=== Provided data ===

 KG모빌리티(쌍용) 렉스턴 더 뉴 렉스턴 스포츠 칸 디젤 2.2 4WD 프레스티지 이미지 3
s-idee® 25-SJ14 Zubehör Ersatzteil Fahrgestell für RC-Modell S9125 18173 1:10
--
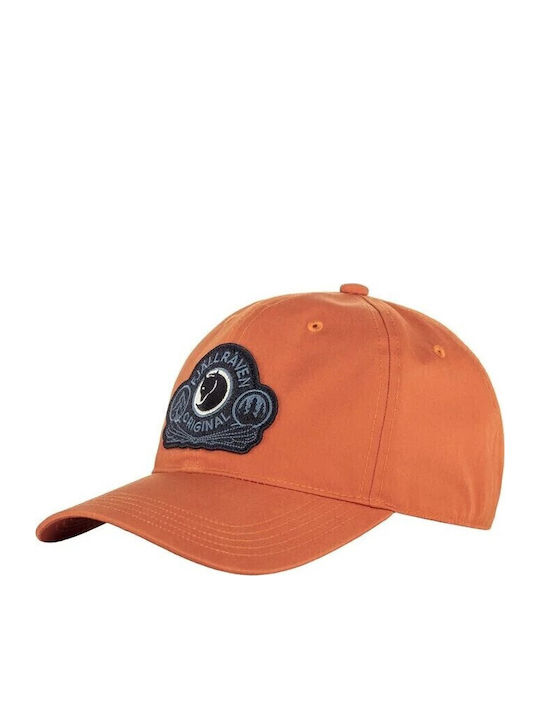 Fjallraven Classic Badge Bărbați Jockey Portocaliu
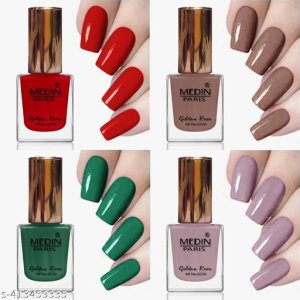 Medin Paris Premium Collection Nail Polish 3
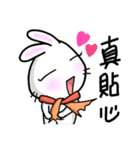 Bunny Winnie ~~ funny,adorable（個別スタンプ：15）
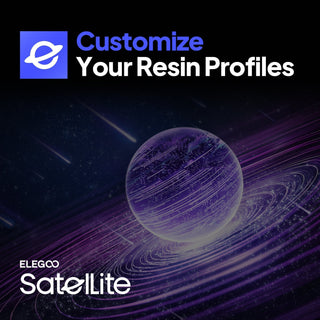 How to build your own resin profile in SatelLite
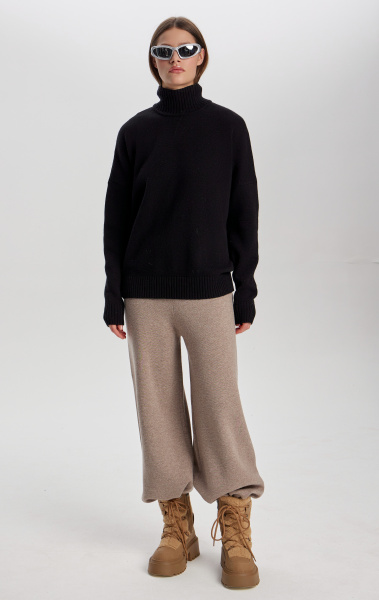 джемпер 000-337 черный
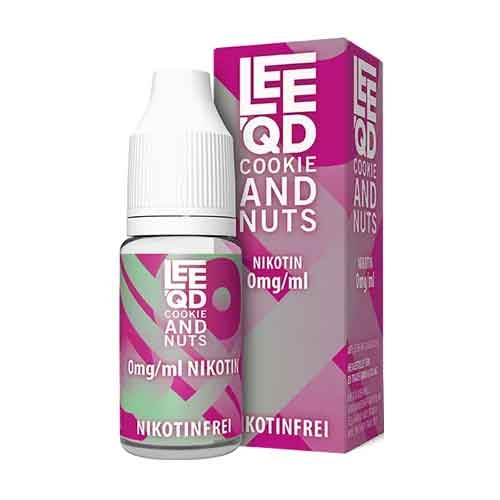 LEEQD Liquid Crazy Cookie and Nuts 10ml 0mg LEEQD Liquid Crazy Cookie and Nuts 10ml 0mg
...
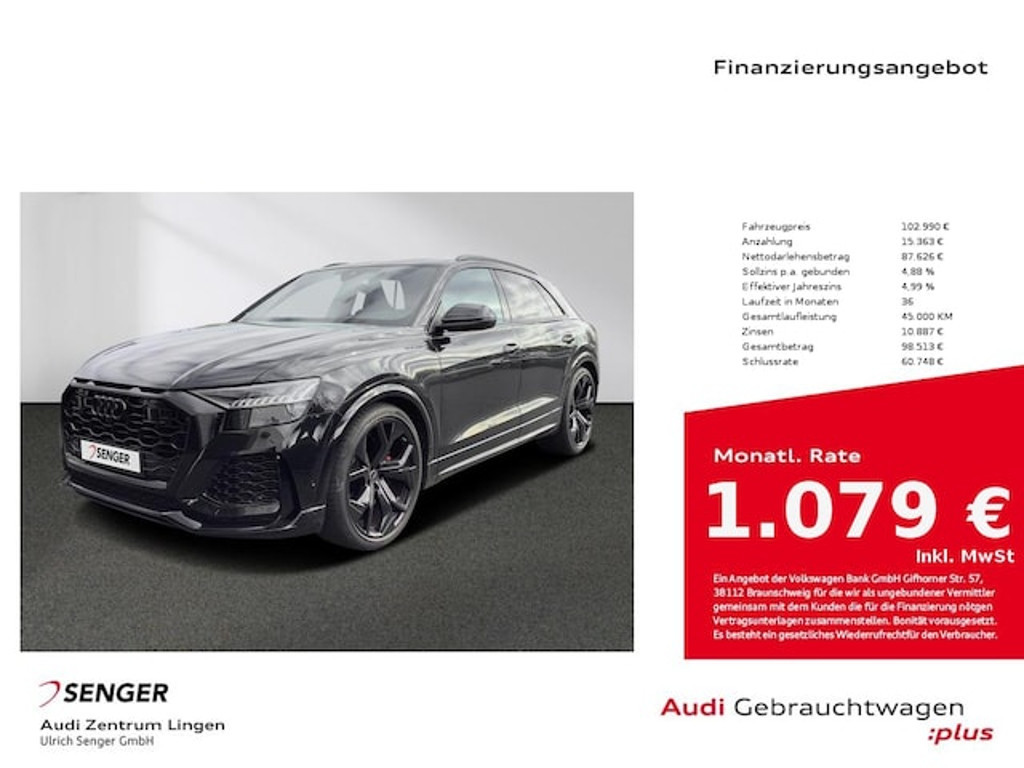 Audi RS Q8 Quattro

=== Activity ===
With the line holding "KG모빌리티(쌍용) 렉스턴 더" as the first and the line holding "s-idee® 25-SJ14 Zubehör" as the last, please transcribe exactly the lines of the material above in that range and nothing else.

=== Solution for this exercise ===
 KG모빌리티(쌍용) 렉스턴 더 뉴 렉스턴 스포츠 칸 디젤 2.2 4WD 프레스티지 이미지 3
s-idee® 25-SJ14 Zubehör Ersatzteil Fahrgestell für RC-Modell S9125 18173 1:10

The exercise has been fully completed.